23 Matching Annotations
  1. Oct 2023
    1. Customers are often left to cobble together disparate services without tight integration in the way Microsoft might provide, for example.All this makes the introduction of Amazon Aurora zero-ETL integration with Amazon Redshift such a jaw-dropper. Let’s be clear: In essence, AWS announced that two of its services now work well together. It’s more than that, of course. Removing the cost and complexity of ETL is a great way to remove the need to build data pipelines. At heart, this is about making two AWS services work exceptionally well together. For another company, this might be considered table stakes, but for AWS, it’s relatively new and incredibly welcome.It’s also a sign of where AWS may be headed: tighter integration between its own services so that customers needn’t take on the undifferentiated heavy lifting of AWS service integration.
    1. One of the places where customers spend the most time building and managing ETL pipelines is between transactional databases and data warehouses, which is where AWS set its sights.
    1. One potential solution is the use of a “one big table” (OBT) strategy, where all the raw data is placed into one table.

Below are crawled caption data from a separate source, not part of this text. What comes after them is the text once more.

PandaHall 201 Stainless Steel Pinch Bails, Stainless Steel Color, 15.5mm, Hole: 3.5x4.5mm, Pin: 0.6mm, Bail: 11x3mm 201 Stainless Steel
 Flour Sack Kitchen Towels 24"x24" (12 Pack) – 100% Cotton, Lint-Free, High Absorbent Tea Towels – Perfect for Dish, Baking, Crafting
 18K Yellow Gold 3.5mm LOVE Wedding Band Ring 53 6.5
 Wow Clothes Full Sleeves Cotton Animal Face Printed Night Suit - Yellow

This strategy has both proponents and detractors, but leveraging large language models may overcome some of its challenges, such as discovery and pattern recognition. Super early startups such as Delphi and GetDot.AI, as well as more established players such as AWS QuickSite, Tableau Ask Data, and ThoughtSpot, are driving this trend.
    2. Snowflake and Databricks are pursuing “no copy data sharing,” which provides expanded access to the data where it’s stored without the need for ETL.
  2. May 2020
    1. AWS Glue is a fully managed extract, transform, and load (ETL) service that makes it easy for customers to prepare and load their data for analytics.

  3. Jan 2020
    1. I like that the Lambda Architecture emphasizes retaining the input data unchanged. I think the discipline of modeling data transformation as a series of materialized stages from an original input has a lot of merit. This is one of the things that makes large MapReduce workflows tractable, as it enables you to debug each stage independently. I think this lesson translates well to the stream processing domain. I’ve written some of my thoughts about capturing and transforming immutable data streams here.

      Great point 👍

      Something i've thought about and emphasized for doing FDF - ability to debug per step or re-run after a given step.

  4. May 2018
    1. hi there get the full insights on MSBI tools training and tutorial with the Real time Examples and application on the Running Projects as well https://www.youtube.com/watch?v=OzmdY0zCw4g

    2. hi there Check this MSBI Tools training and tutorial insights with the real time Examples and projects analysis on the MSBI

      https://www.youtube.com/watch?v=EdF9tZliIok

    3. hi there learn MSBI in 20 min with handwritten explanation on each and every topics on the Course with real time examples

      https://www.youtube.com/watch?v=tFG-VkaSvhI

    4. Get the proper Explanation on the ETL testing Tools training and Tutorial Course with better Real time exercises and understanding of Testing Processes on different stages from Extraction to Loading of data in client location

      so check this link for better learning:- https://www.youtube.com/watch?v=-vNgcOsHbIU

  5. May 2014
    1. Collaborate for God's sake!: EVERY organization dealing with data is dealing with these problems. And governments need to work together on this. This is where open source presents invaluable process lessons for government: working collaboratively, and in the open, can float all boats much higher than they currently are. Whether it's putting your scripts on GitHub, asking and answering questions on the Open Data StackExchange, or helping out others on the Socrata support forums, collaboration is a key lever for this government technology problem.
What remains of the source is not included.